Task objective:
Return, word for word, the line that contains "ESR for Qi2" and every line after it through the end of the records.

Given records:

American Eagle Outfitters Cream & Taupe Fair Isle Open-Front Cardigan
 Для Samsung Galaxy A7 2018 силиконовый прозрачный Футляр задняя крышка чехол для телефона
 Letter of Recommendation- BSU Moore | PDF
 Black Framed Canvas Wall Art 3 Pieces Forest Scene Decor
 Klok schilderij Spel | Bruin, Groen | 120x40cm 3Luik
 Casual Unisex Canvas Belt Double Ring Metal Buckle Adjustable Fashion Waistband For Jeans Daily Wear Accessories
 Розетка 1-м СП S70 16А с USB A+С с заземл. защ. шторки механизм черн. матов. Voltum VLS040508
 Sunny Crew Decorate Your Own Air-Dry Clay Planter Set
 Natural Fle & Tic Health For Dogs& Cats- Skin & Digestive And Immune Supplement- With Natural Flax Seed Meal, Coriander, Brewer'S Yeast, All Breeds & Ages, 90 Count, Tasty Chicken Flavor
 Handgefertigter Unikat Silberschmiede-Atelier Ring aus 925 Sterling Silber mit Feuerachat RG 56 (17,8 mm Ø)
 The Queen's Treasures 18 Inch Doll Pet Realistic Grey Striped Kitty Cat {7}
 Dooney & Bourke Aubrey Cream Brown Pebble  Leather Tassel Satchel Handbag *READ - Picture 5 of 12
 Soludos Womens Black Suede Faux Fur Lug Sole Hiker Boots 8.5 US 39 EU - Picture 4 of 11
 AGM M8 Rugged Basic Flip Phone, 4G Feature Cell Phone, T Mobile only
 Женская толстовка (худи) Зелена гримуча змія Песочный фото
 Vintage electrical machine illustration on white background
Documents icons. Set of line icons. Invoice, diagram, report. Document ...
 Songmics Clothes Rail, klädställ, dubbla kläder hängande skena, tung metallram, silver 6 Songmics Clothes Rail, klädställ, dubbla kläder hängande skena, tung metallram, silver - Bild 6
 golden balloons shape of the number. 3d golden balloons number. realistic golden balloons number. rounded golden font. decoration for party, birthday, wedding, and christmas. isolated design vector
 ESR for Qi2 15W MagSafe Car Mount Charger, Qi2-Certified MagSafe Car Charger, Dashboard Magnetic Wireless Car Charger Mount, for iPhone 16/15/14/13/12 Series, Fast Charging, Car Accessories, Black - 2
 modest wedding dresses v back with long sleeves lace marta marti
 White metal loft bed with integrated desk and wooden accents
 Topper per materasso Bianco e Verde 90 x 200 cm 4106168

Worked solution:
 ESR for Qi2 15W MagSafe Car Mount Charger, Qi2-Certified MagSafe Car Charger, Dashboard Magnetic Wireless Car Charger Mount, for iPhone 16/15/14/13/12 Series, Fast Charging, Car Accessories, Black - 2
 modest wedding dresses v back with long sleeves lace marta marti
 White metal loft bed with integrated desk and wooden accents
 Topper per materasso Bianco e Verde 90 x 200 cm 4106168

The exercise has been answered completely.